Sales Forecasting with Machine Learning

Machine learning provides a method of easily consuming large datasets to make predictions. This can be particularly useful when forecasting sales with the goal of accurately knowing the amount of a product that will be purchased in advance. If a company had a good knowledge of the future this would help that company manage stock levels and make market decisions.

Determining the future demand of a product is often tackled by using the regression analysis. Which is an analysis of how different variables relate to one another.

Put simply say I have a product of which I know the following:

  • It was sold 50 times yesterday.
  • It has been sold a maximum of 65 times in any one day.
  • It has been sold a minimum of 10 times in any one day.
  • It sells on average 52 times a day.
  • It was sold 360 times last week.
  • It was sold 1533 times last month.
  • It was sold 3231 times in the last two months.

If the desire is to predict how many times it will be sold tomorrow an attempt can be made to use that information to make a prediction. Manually I might say that it will likely be within the minimum and maximum, so between 10 to 65. Then I might say it is likely to be close to the average of 52. The amount it was sold last week probably has an impact but it is difficult to know how much of an impact. Maybe I make a guess at around 50 and over a lifetime I would hope to get better at guessing.

Machine learning gives an alternative to guessing as with the information available, I can instead build a prediction machine that with computer training has many lifetimes of guessing experience and can consider far more information at once than any human mind could easily handle. In machine learning I am not limited to considering the variables I think are important in order to narrow down information into what I can easily consider. Instead I can provide everything I have and allow the computer to determine what is important, which can lead to surprising revelations about relationships which are not clear to a human observer.


The process of achieving this is to build a prediction engine that uses a machine learning model. First I build the model which is simply telling the model what data it should expect and the format of data it should provide.

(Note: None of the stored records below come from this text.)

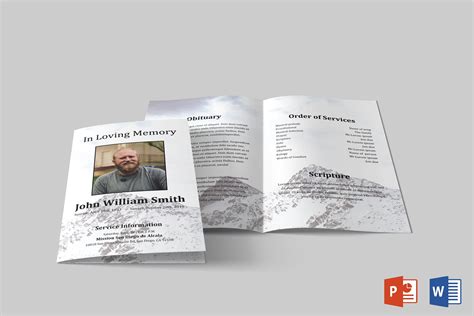 Mountain Funeral Program Template Funeral Program Template Word And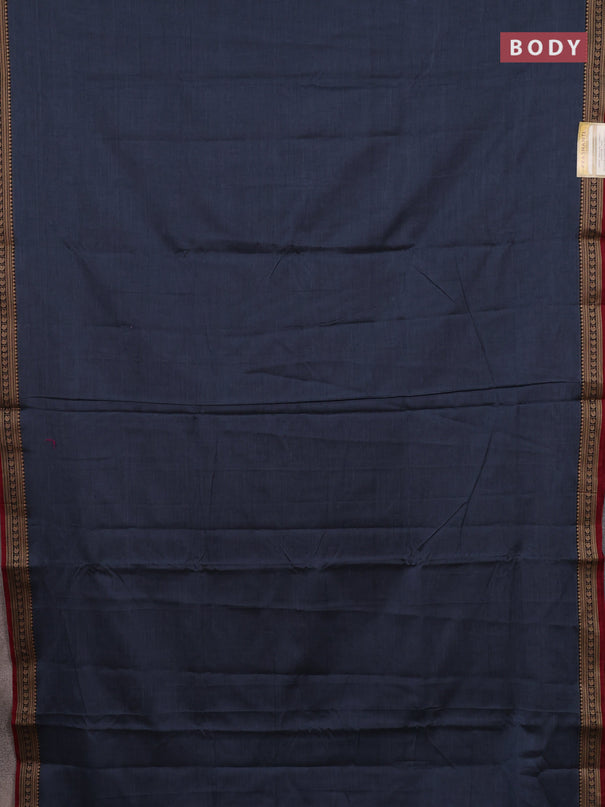 Narayanpet cotton saree purple and maroon with plain body and thread woven border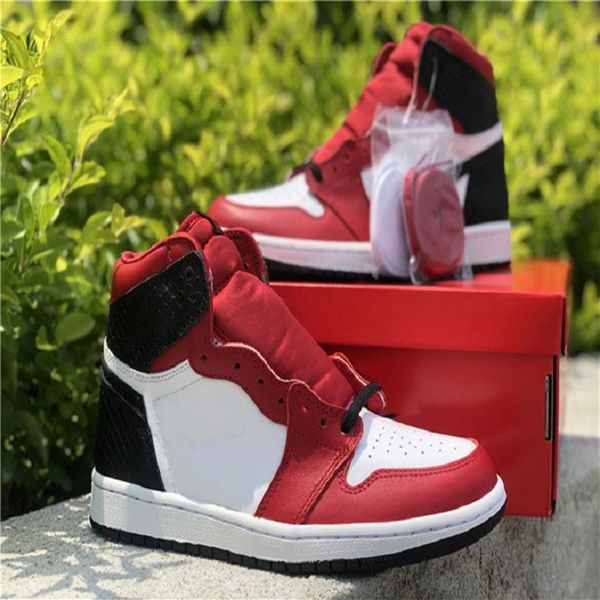 

2021 release 1 high og wmns satin snake basketball shoes cd0461-601 1s gym red white-black men women outdoor sports sneakers with origi303i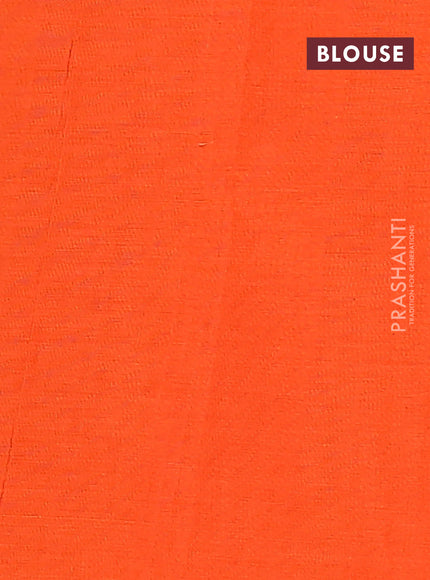 Ikat cotton saree black and orange with allover ikat weaves and simple border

I then train the model, this involves providing it with historical data and then observing how closely it matches the actual historical sales figures. By going backwards in time I can provide the model with data of which I already know the answer to and this allows us to modify the model based on the data I have. Continual iterations and modifications hopefully allows for an accurate model to be created.

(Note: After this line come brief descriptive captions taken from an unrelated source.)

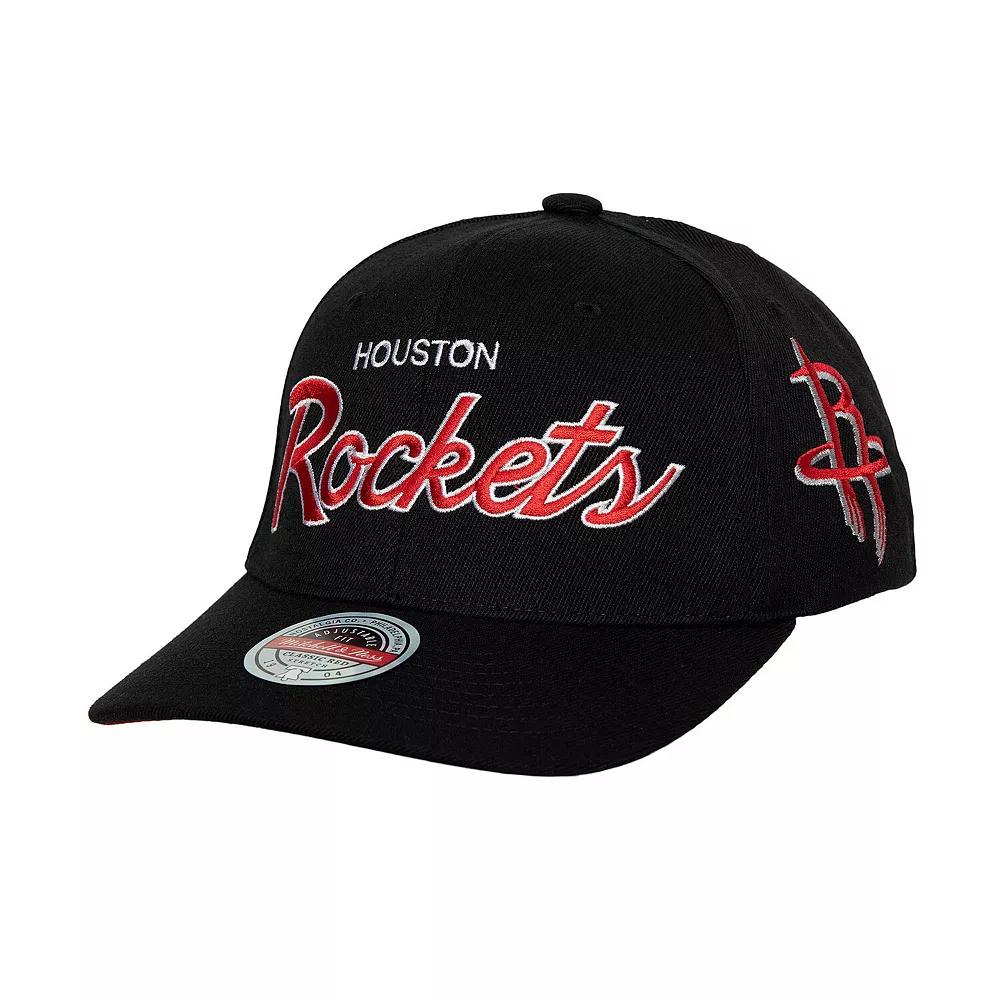 Men's Mitchell & Ness Black Houston Rockets MVP Team Script 2.0 Stretch-Snapback Hat Product Image
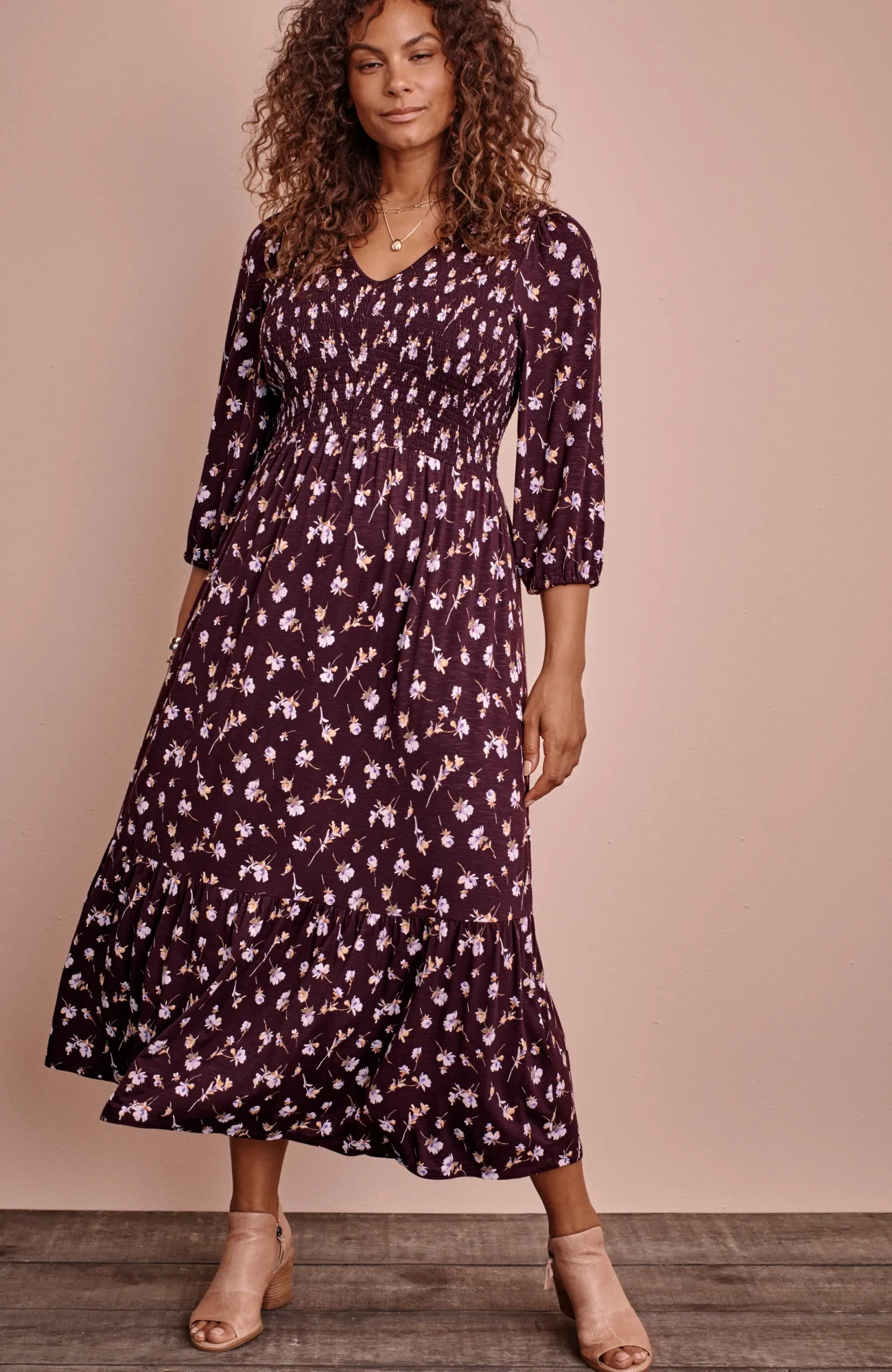 J.Jill Tiered Flounced-Hem Midi Dress Best Sale
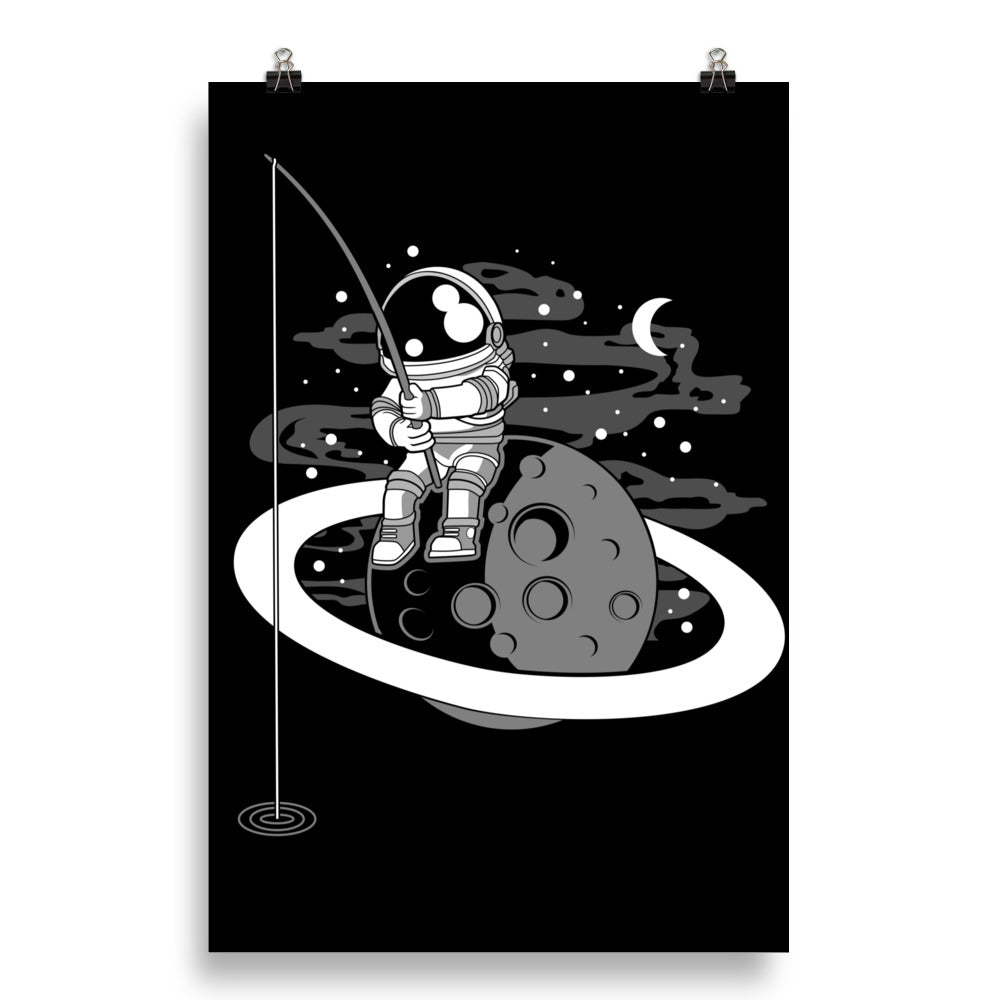 Astronaut Fishing - Matte Poster - 20 x 30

Then I evaluate the model for accuracy to give us some idea of what to expect. This gives information on what are the most important variables and how closely the models predictions are tracking with historical data. Due to the random element of market demand it is unlikely that perfect accuracy will ever be achieved so knowing the level of accuracy to expect can be a guide on how to use the results.

With the use of regression analysis for machine learning I can picture the Prediction Engine as a device that works as a funnel, taking in a huge stream of data and making a single prediction based on the data.